There once was a poem that was fined for rhyming too much. Had the papers covered the incident, the poem could have certainly benefited from the negative publicity. But everyone knew that nobody would read a newspaper that carried such a story for fear that the poem would be mentioned by name, or worse, quoted. The other poems were saturated with readership opportunities - sitting at the bottoms of newsstands, under newspapers at coffee bars, near parakeets, and even in the minds of the people who thought they loved poetry.

The little poem wept incessantly while pondering its tiresome redundancy, yet it was this same redundancy that made the feelings of the little poem ring false. Short of becoming a limerick and longing to be a children's fable, the sad little poem took its own life by stapling itself to a firecracker. In the true spirit of art, life sprang from death, and inspiration from pain. Love no longer rhymed with above, dove or even shove. In fact, love was entirely missing, which made the whole pile of disfigured prose seem somehow new and true.

Friday, November 9, 2007

A RECENT DREAM

The other night I dreamt that I was a stand-up comedian and electronics salesman at a local furniture and appliance store. Between sets, I would thoroughly hose down the furniture before the next audience would sit down. I could tell I was famous by the way everybody looked at me.

A new audience comes and takes their soaking wet seats and waits for the jokes to commence. I start in with my best joke right away, "...so I said to my wife, 'shut up and get me some toast', and she said to me, 'why do you talk to me like that when you never speak to anyone else that way?' So I said, '...' I said, '...'"

I knew the punchline earlier in the dream, but I just couldn't come up with it. I was too tired to care.

WHY I'M NOT A GOOD NEIGHBOR

I was out in the yard about 3 hours ago and saw a large cloud of black smoke coming from a neighbors yard about half a mile away (one of my closest neighbors). I thought to myself, "I should get in the car and check this out, maybe it's a house on fire".

I went into the house and poured myself a glass of wine and grilled a couple of pork chops. Somehow the fire at the neighbors place made me hungry enough to forget all about my original idea of helping.

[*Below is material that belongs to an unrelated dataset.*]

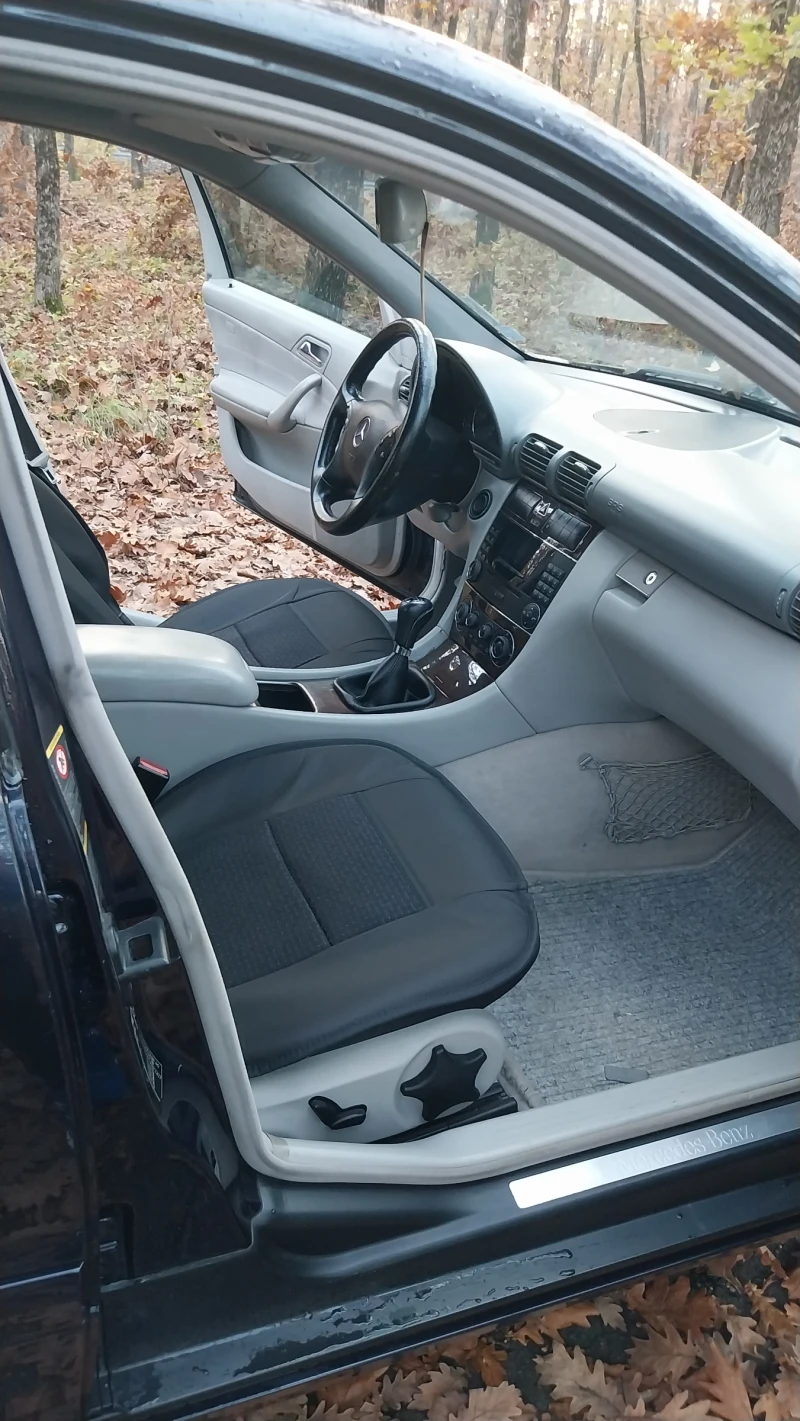 Mercedes-Benz C 220, снимка 9 - Автомобили и джипове - 52433985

I just checked and there's no more smoke over there, I wonder what happened.

Friday, November 2, 2007

shame sucker

Shame erases a carcass of heart, soul and cliche that blend so perfectly, so balanced, so at one with the now, that everything drops from sight but the one so steadily wanting, so inherently errant in aberrant need that longingly, lovingly, lingeringly, yet somehow abhorrently sucks its cling to me in a desperate disparity that folds onto itself in a steaming, shifting, sand-like vacuum that peels back fur, hair and skin in a spastic search for a slab of succulent newness only to find a clean-shaven pick-axe drawing blood from a concrete vine of fire and tangled dreams.

Thursday, November 1, 2007

said

You stare back at me in my own special way of making you feel like I feel the way you do when you look at me in my way. You are never far from me and my way of staying close to you and me, when I follow what you’re saying to me just like me. Your every word is mine, like when I’m telling you what I just said and you repeat what I had in mind when I reminded you of when you said what I just said. I’m never far from you, and you never shy of saying exactly what I told you to say or what I already said. When I hear your lyrical voice, I have an image of something better, the words you recited almost perfectly that I already said. And now that you have captured my essence in my own sweet voice, feel free to continue on and tell the world everything I ever wanted to express, but was afraid I had already said.